Passé le premier choc de l’espace scénique signifiant décrit plus haut, la mise en scène de John Fulljames respecte trop son dispositif. Du coup, il lui faut sur-gonfler les effets pour masquer un sérieux problème de rythme. De fait, rien n’est drôle jusqu’à la métamorphose de l’épouse, alors même que l’œuvre renferme des trésors dès les premières mesures. Faut-il le dire ? On se souvient d’une version de concert – en 1995, Pierre Boulez dirigeait la Deutsche Kammerphilharmonie et l'Ensemble Intercontemporain au Théâtre du Châtelet – qui n’avait pas besoin d’un quart d’heure de chauffe pour faire rire.
Autre répertoire, autre chef : c’est Gaetano d’Espinosa qui dirigera Puccini, à commencer par Il tabarro.

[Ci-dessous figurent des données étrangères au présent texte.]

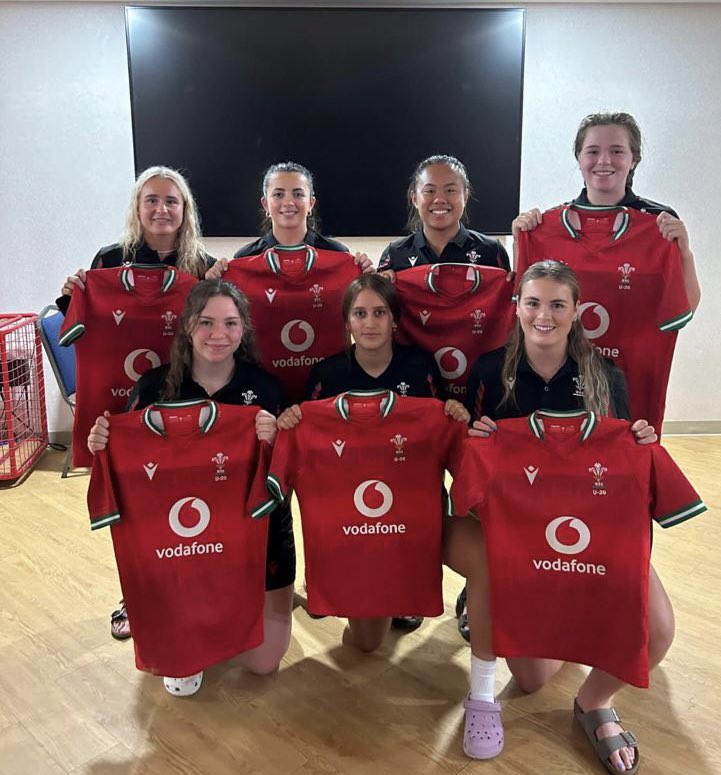 Massive good luck to this truly magnificent 7 Scarlets players representing <a href="/WelshRugbyUnion/">Welsh Rugby Union 🏴󠁧󠁢󠁷󠁬󠁳󠁿</a> Women’s u20’s this evening. Super proud!! Fantastic to see <a href="/jennadevera_/">Jenna De Vera</a> captaining the squad. #ymaohyd #amdani
<a href="/scarlets_rugby/">Scarlets Rugby</a> <a href="/ScarletsAcademy/">Scarlets Academy</a> <a href="/WRU_Scarlets/">WRU/SCARLETS - UN CYMUNED</a>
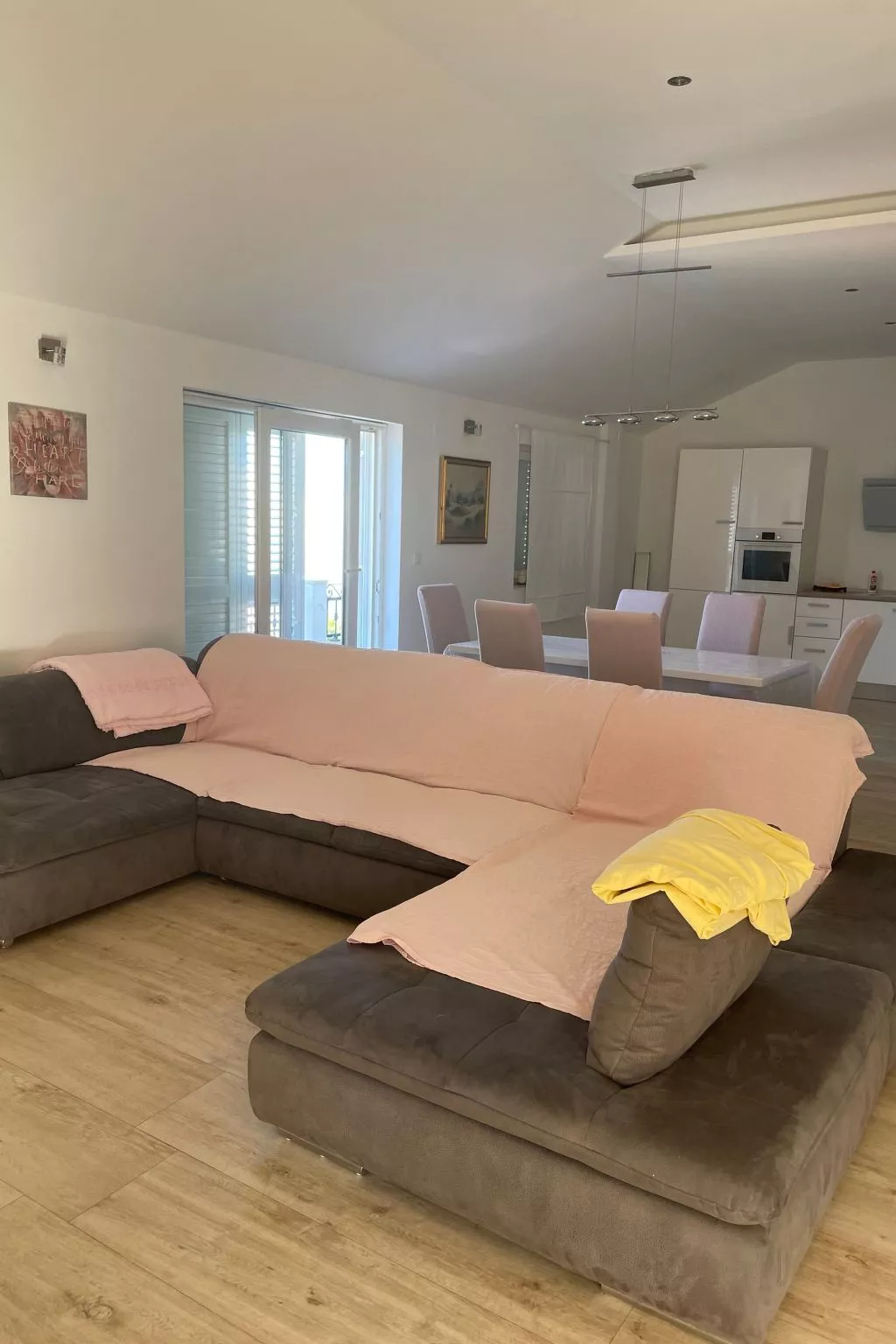 "Sanset" mit Blick auf das Wasser-Drinnen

Il plonge l’écoute dans une sensualité grave du son, usant de l’orchestre d’un point de vue plus global, pour ainsi dire, qui parfois n’est pas sans accuser quelques coquetteries. Ainsi les cordes paraissent-elles moins stables qu’une demi-heure plus tôt. L’onctuosité générale de l’interprétation soutient efficacement le spectacle aux furieuses pénombres de David Pountney (lumières de Fabrice Kebour) qui favorise la présence des personnages plutôt qu’une scénographie envahissante (même décorateur). Saluons la Frugola attachante de Natasha Petrinsky dont le timbre chaleureux s’enorgueillit d’un aigu fulgurant, l’idéale clarté de timbre de Thiago Arancam en Luigi, émouvant dans sa flamme amoureuse comme dans sa diatribe sur la condition de l’ouvrier (« Piegare il capo ed incurvar la schiena »), et le soprano hongrois Csilla Boross, Giorgetta amplement impacté possédant une grande force dramatique.